* _PROBLEM REQUIREMENTS_: The entries below contain pictures. Write out only the lines from the line with "Soldier: 76 Montage" up to and including the line with "Best DEWALT Power", exactly, without them.

* _EXTRACTED MATERIAL_:

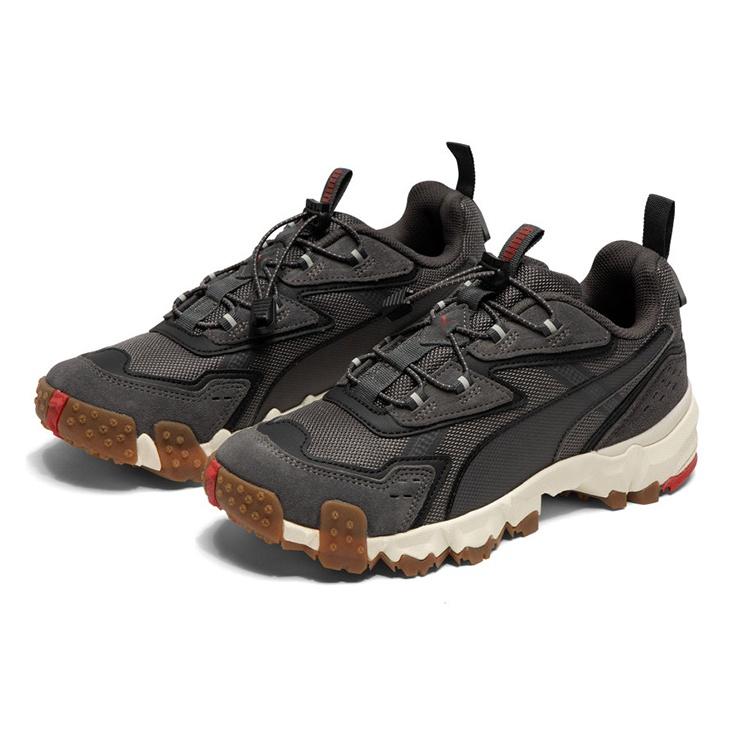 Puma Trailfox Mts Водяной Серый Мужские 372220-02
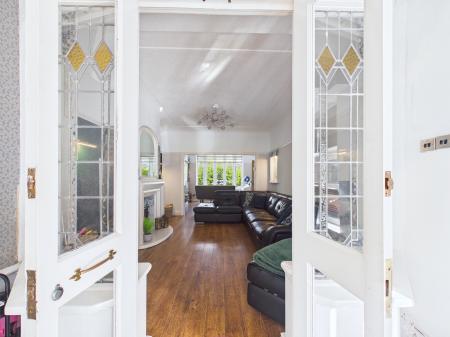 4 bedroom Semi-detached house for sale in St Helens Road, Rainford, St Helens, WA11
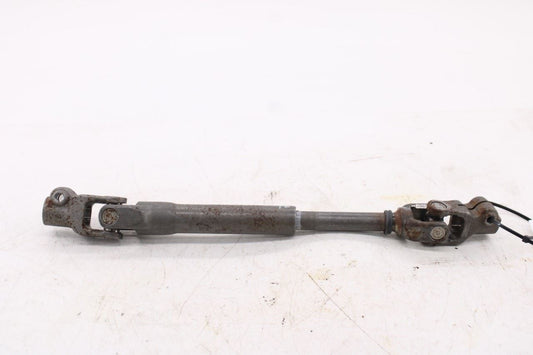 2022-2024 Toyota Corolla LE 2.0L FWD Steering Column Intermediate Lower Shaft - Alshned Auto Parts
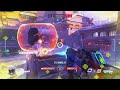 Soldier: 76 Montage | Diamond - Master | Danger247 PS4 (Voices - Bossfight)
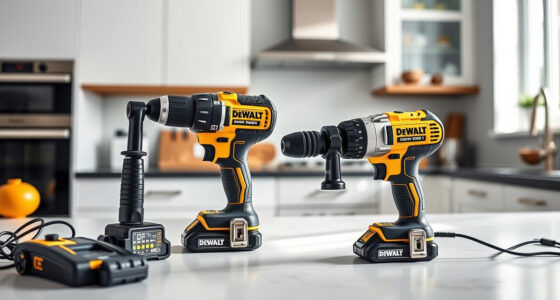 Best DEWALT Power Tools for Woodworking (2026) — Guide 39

---

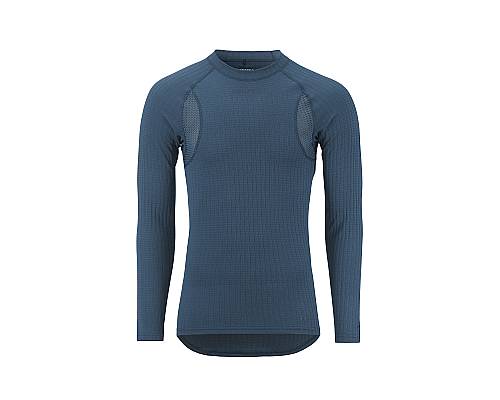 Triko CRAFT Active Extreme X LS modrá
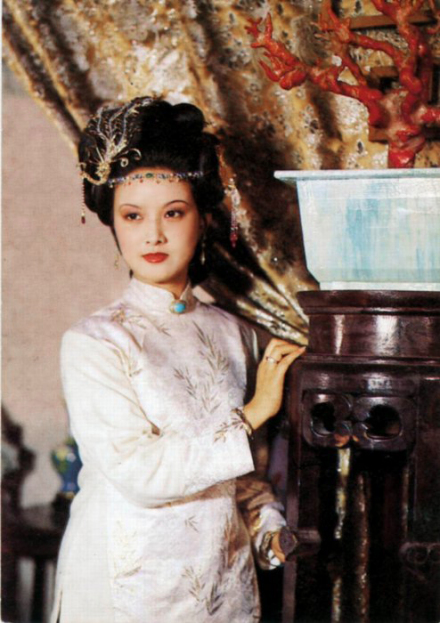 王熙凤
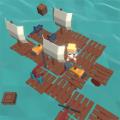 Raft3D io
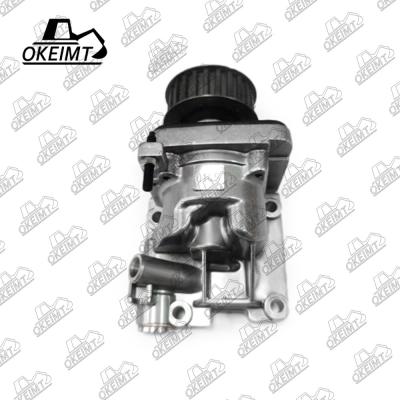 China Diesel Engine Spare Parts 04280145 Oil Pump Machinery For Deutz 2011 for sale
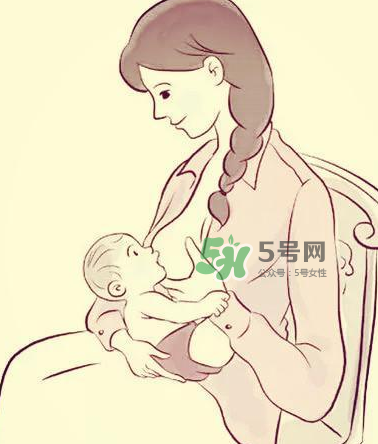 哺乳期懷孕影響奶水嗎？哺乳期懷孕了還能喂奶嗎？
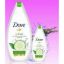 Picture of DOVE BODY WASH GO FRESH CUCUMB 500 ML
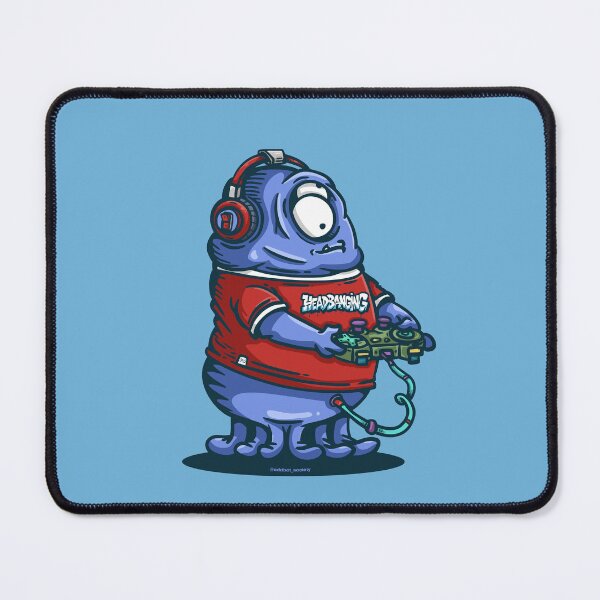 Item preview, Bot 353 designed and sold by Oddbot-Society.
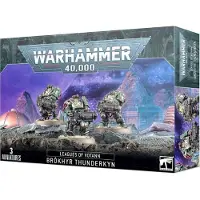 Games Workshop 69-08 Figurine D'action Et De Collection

* _WORKED SOLUTION_:
 Soldier: 76 Montage | Diamond - Master | Danger247 PS4 (Voices - Bossfight)
 Best DEWALT Power Tools for Woodworking (2026) — Guide 39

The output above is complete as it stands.